Paducah’s Propeller Club may be the most active in any port. It has 147 members, and monthly meetings for both membership and its board. It sponsors a hugely popular golf outing each May and has just taken over sponsorship of an annual Christmas party held the day before the River Bell Award luncheon. Last December’s event, held at the Paducah McCracken County Convention and Expo Center in Paducah, drew 461 guests and raised a total of more than $300,000.

River Discovery Museum Inspires

Another important institution in the barge industry ecosystem is Paducah’s River Discovery Museum, a top attraction. With about 6,000 schoolchildren visiting each year along with more than 40 excursion boat visits, the museum serves as an ambassador of the barge industry—not only to the surrounding population but to the rest of the country and the world.

That role was especially boosted during the 2017 total eclipse, when visitors from all over the world flocked to Paducah, which was in the eclipse’s direct path. Executive Director Julie Harris said the eclipse dramatically increased the museum’s business. “I had never seen anything like it in my 17 years here,” she told The Waterways Journal.
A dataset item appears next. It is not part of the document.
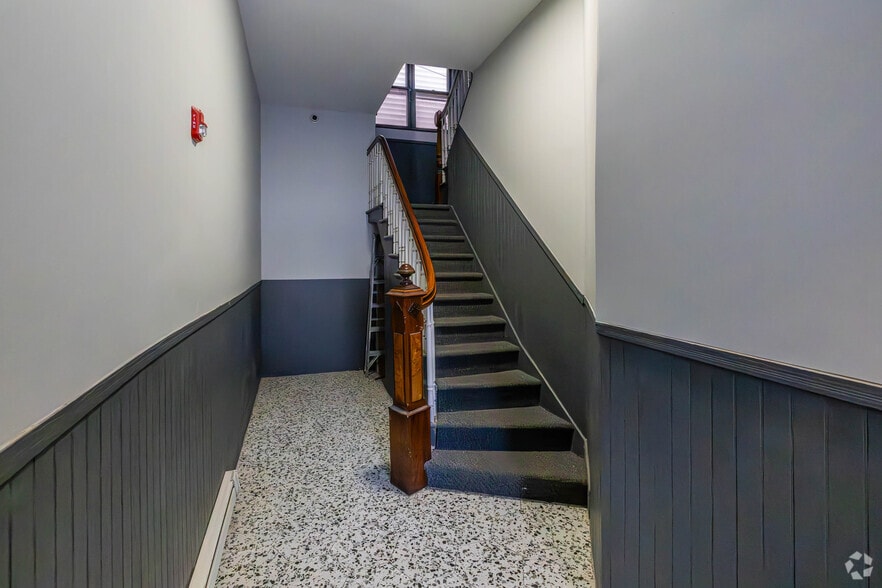 1074 Summit Ave, Jersey City, NJ à vendre - Photo intérieure – Image 3 sur 28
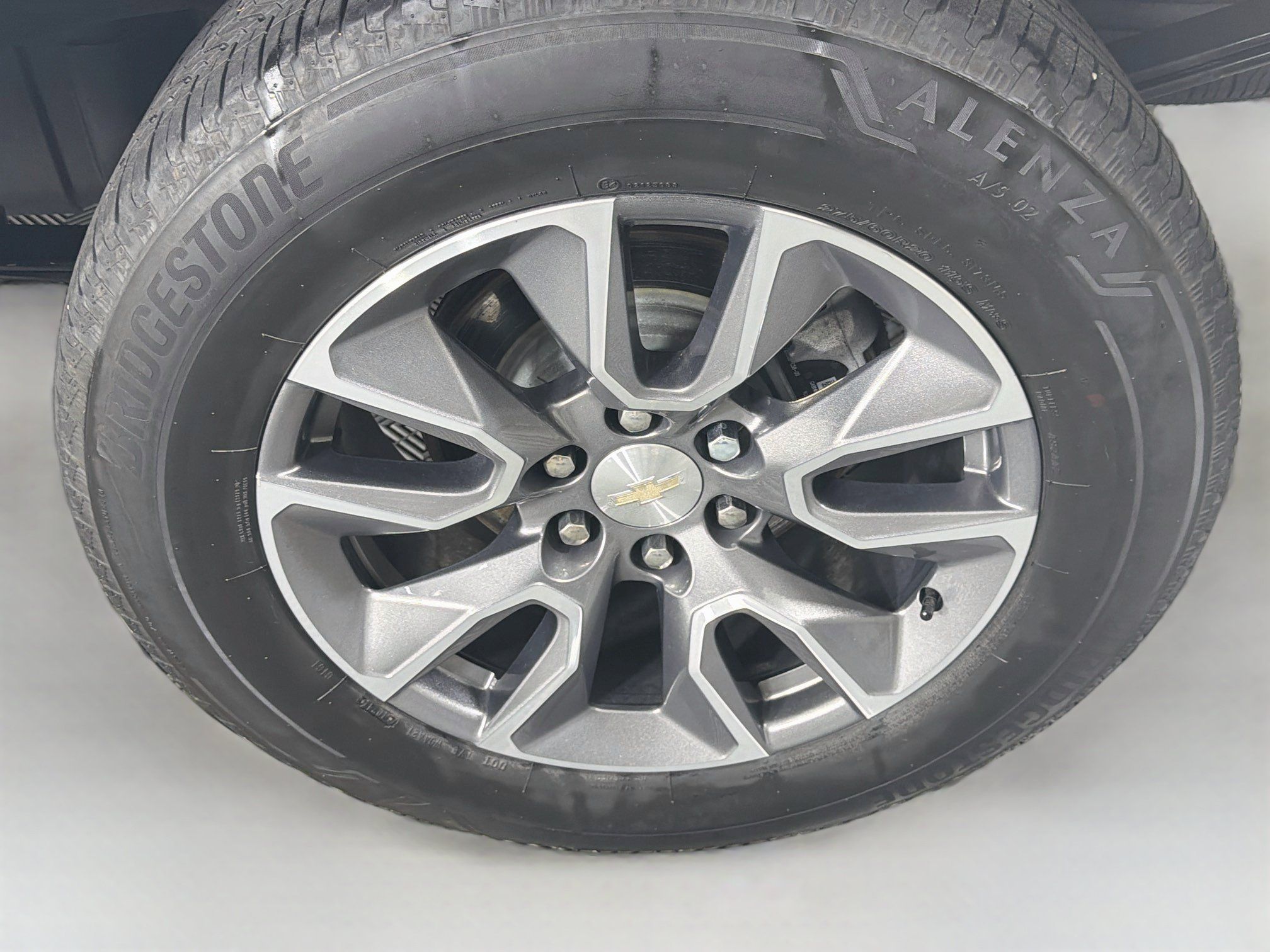 Used 2024 Chevrolet Silverado 1500 LT AWD/4WD image 11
The museum got its first boat simulator in 2008, with the help of a grant. “Ours is a bit more public-friendly than SCI’s simulator,” said Harris. “Besides a commercial towboat, kids can choose to simulate a speedboat or a Coast Guard cutter.” It also has a full-time exhibit called “Skippers” about the barge industry. “We track the kids who come through here, and I know for a fact that some who were first exposed to the industry here are now working in it,” said Harris.

The River Discovery Museum hosts an annual Dragon Boat Race in which local barge companies participate. This year’s event on September 22 will include teams from Ingram, ACBL, Marquette, Western Rivers Boat Management and Cook Coal Terminal out of a total of about 20 teams.